FAST FACT: Director Gary Sherman says his 1981 cult classic endured significant tweaking thanks to a last-minute power struggle behind the scenes. He originally envisioned the film leaning heavier on its comedic elements, one of many frustrations he had the changes.
Veteran character actor James Farentino plays Dan Gillis, the Potter’s Bluff sheriff who slowly becomes aware that, in addition to town folk being brutally murdered, the victims are suddenly reappearing days later, alive and well.
His schoolteacher wife (the luminous Melody Anderson, the best element of Chuck Norris’s “Firewalker”) is supportive of his bizarre discovery, despite her own strange decision to teach her students about witchcraft, complete with a ceremonial knife. The local coroner (Oscar winner Jack Albertson, in the film’s best performance) who is also Gillis’ best friend, encourages the sheriff to dig deeper.
Then, things get much weirder.
“Dead & Buried” was probably too slow for ’81 audiences, despite the nasty, often gross nature of the murder sequences. Like “Halloween II” and “The Fog,” it was another 1981 genre film that suffered from re-shoots that added more gory deaths to an initially more suggestive approach to the violence.
In fact, this aspect got the film in trouble.
The film was once on the list of “Video Nasties” in the U.K. during the early ’80s (putting it in the same controversial company as “Last House on the Left” and “I Spit on Your Grave”).
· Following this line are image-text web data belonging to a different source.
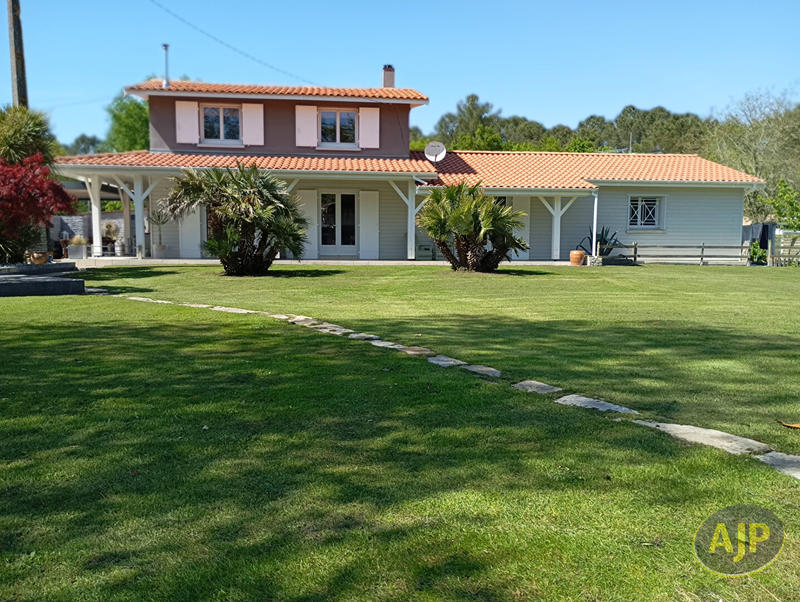 Maison - 178 m² - 5 pièces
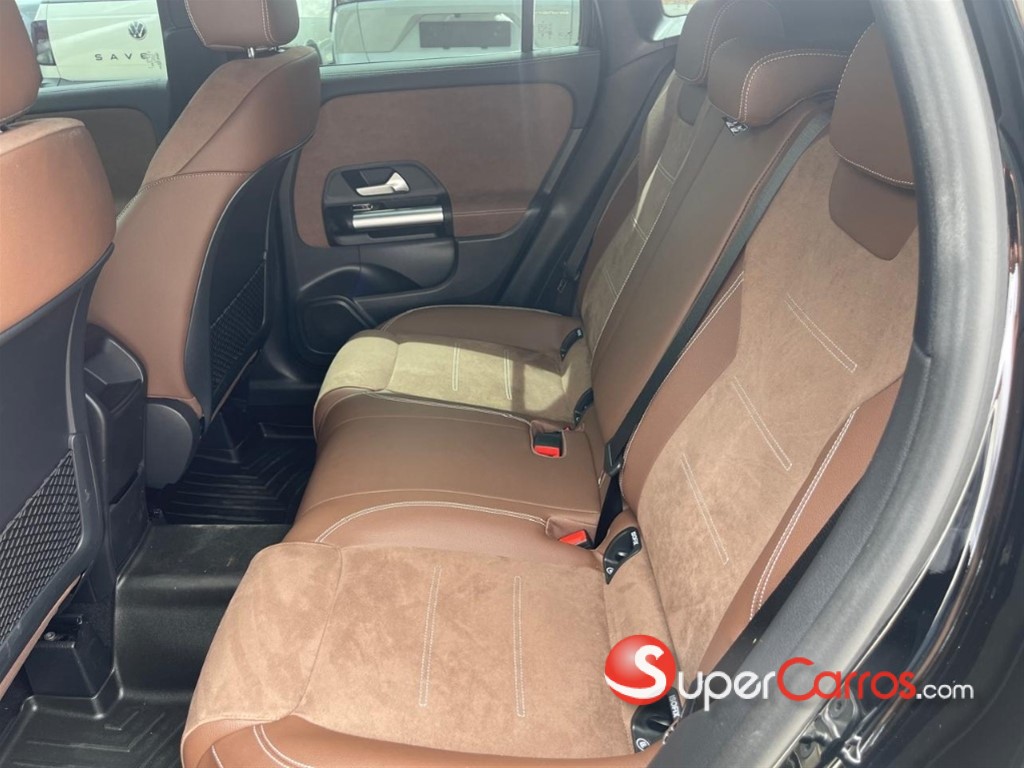 2025 Mercedes-Benz Clase GLA 200 — foto 10 / 10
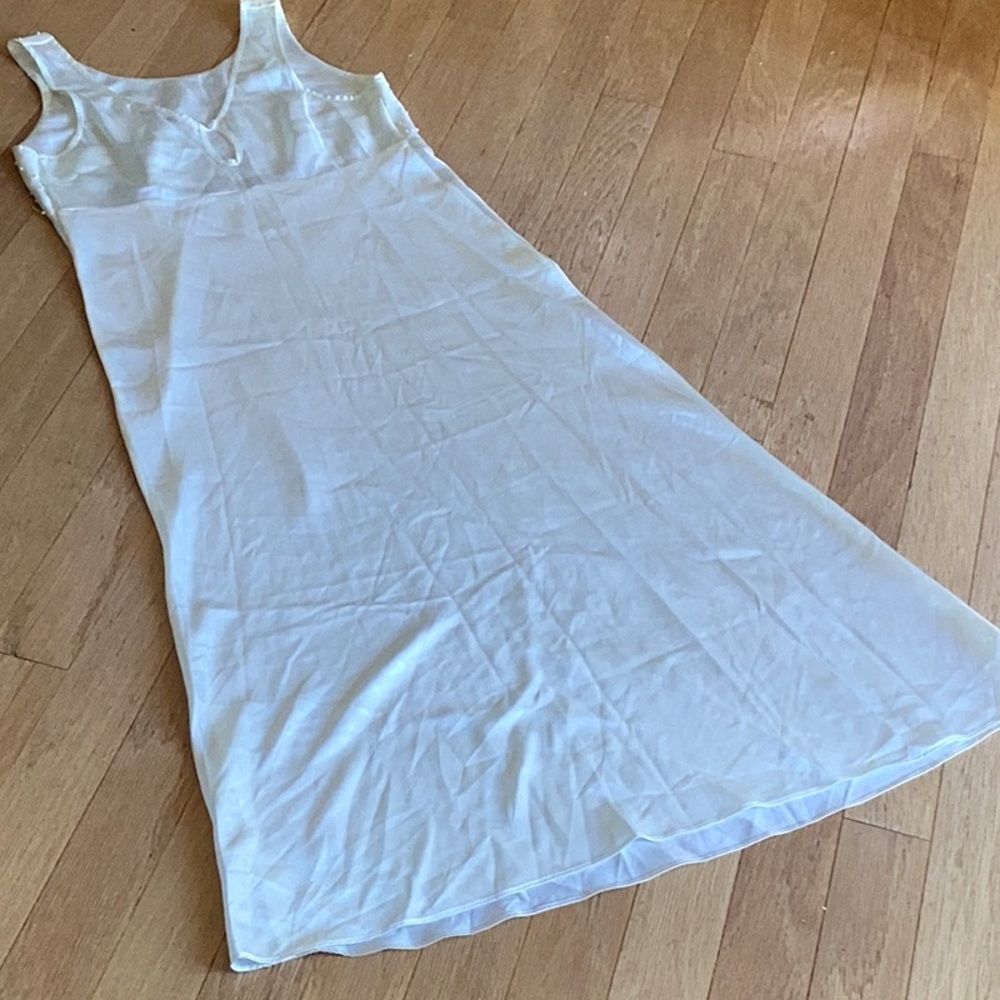 Victoria’s Secret ivory long sleeveless gown with seed pearls on bodice … - Picture 7 of 14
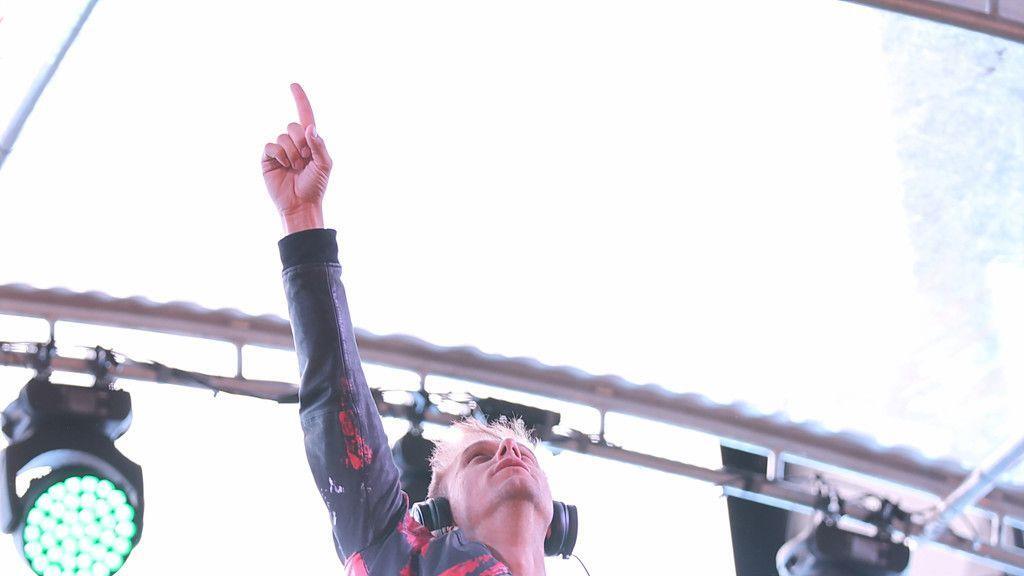 Electric Love Festival 2016: Tag 2, V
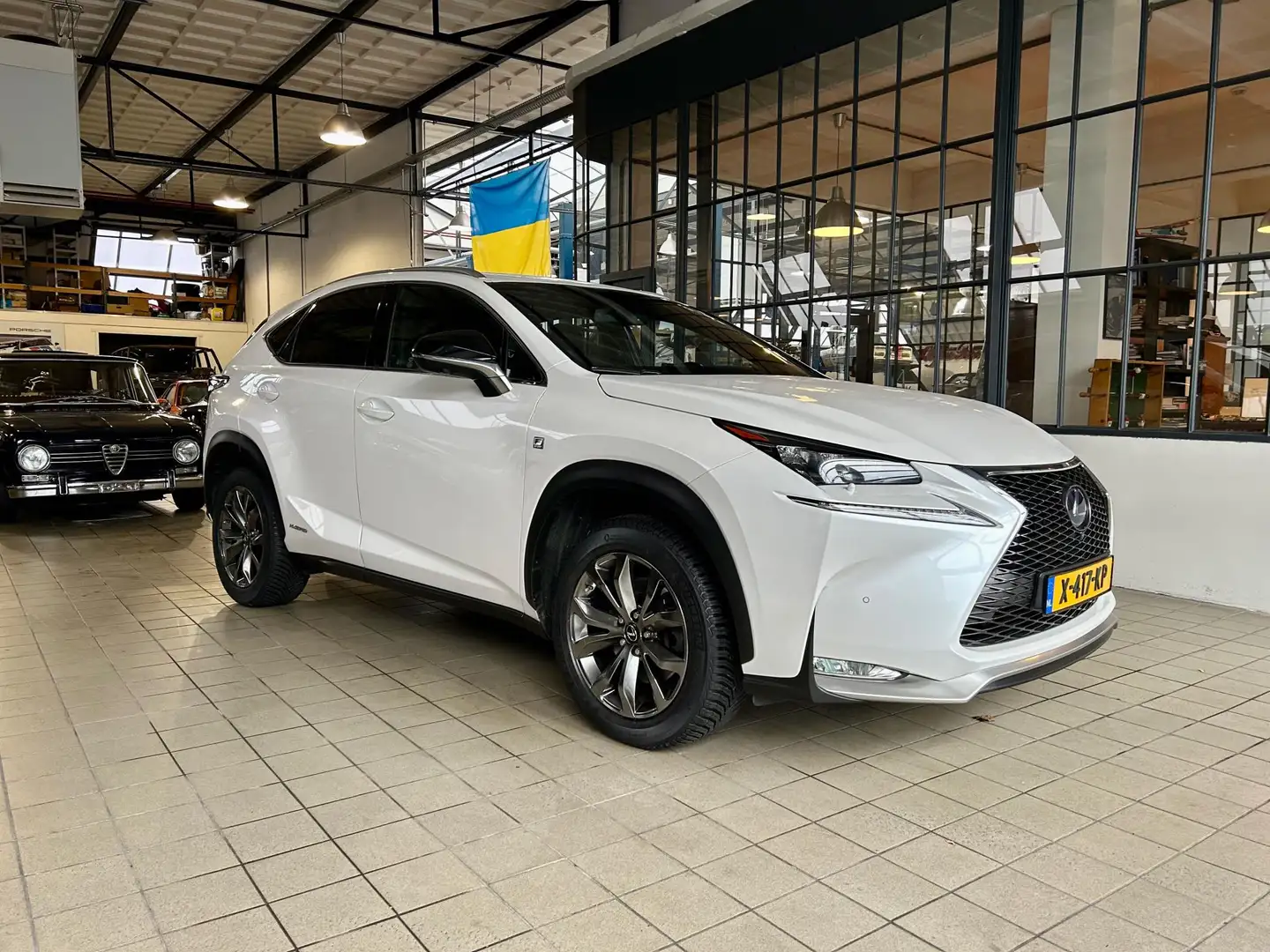 Lexus NX 300h NX300h AWD Sport Line Weiß - 2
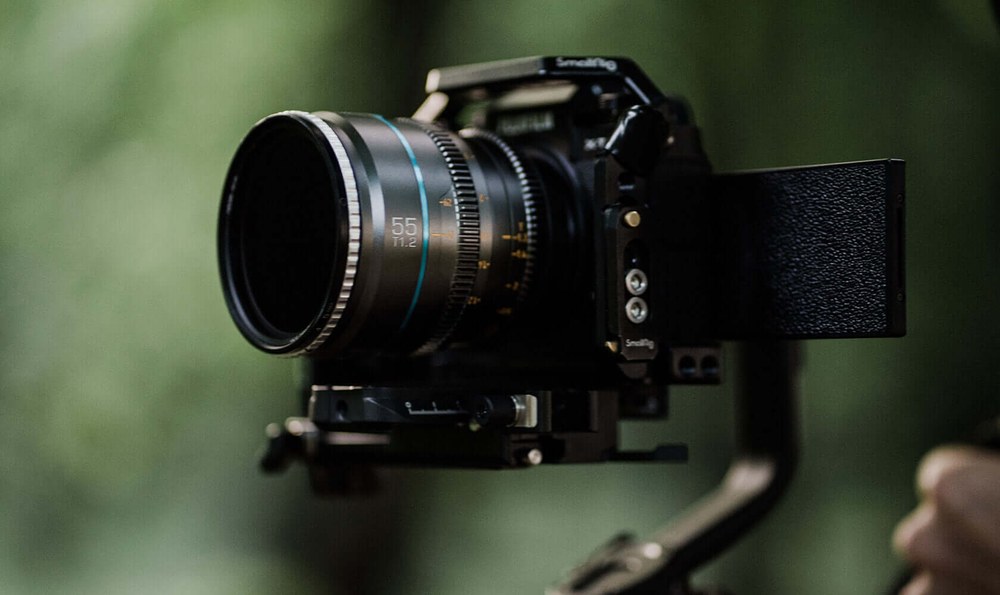 Sirui Nightwalker 55 mm T1,2 S35 manuelles Cine-Objektiv (Fujifilm X, Metallgrau) – Aus der Hand und auf dem Gimbal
Despite that sort of notoriety, the film didn’t find much of a cult following until the early 21st century. While the violence is, indeed, far grislier than expected (it surpasses the first two “Friday the 13th” entries in sadism) but the film is no mere footnote.
Made with an eye on atmosphere, creeping menace and an uncanny ability to reposition audience expectations, it’s a genuine sleeper.
Director Gary Sherman later made “Vice Squad” (with its bravura Wings Hauser performance), the fairly well-liked Rutger Hauer vehicle “Wanted: Dead of Alive,” the uneven but under-appreciated “Poltergeist III” (with its chilling practical effects and brilliant mirror set design) and the just-okay Cheryl Ladd thriller, “Lisa.”
“Dead & Buried” is his best film to date.
Horror icon Robert Englund of Freddy Krueger fame pops up in a supporting role as one of the cop’s oldest friends (Englund registers well enough to make me wish his role were bigger).
The Stan Winston make-up effects are remarkable, though this, unlike many movies released during its era, has not softened with time. Anyone who considers themselves squeamish shouldn’t bother; there’s a scene where a character gets a syringe in the eye, and it’s not even the worst thing that happens to him!
Shusett co-produced and co-wrote the script with O’Bannon, who later expressed disappointment with the final results. If their landmark “Alien” screenplay was their reshaping of the sci-fi monster movie, then “Dead & Buried” was clearly their aim to reconfigure the modern zombie movie.
It’s more “Invasion of the Body Snatchers” than “Night of the Living Dead” in its take on zombies among the living, making it less about the living dead in pursuit of flesh and more a tale of losing one’s identity and grasp on the natural order.
The final reveal is hard to see coming and it’s a real shocker.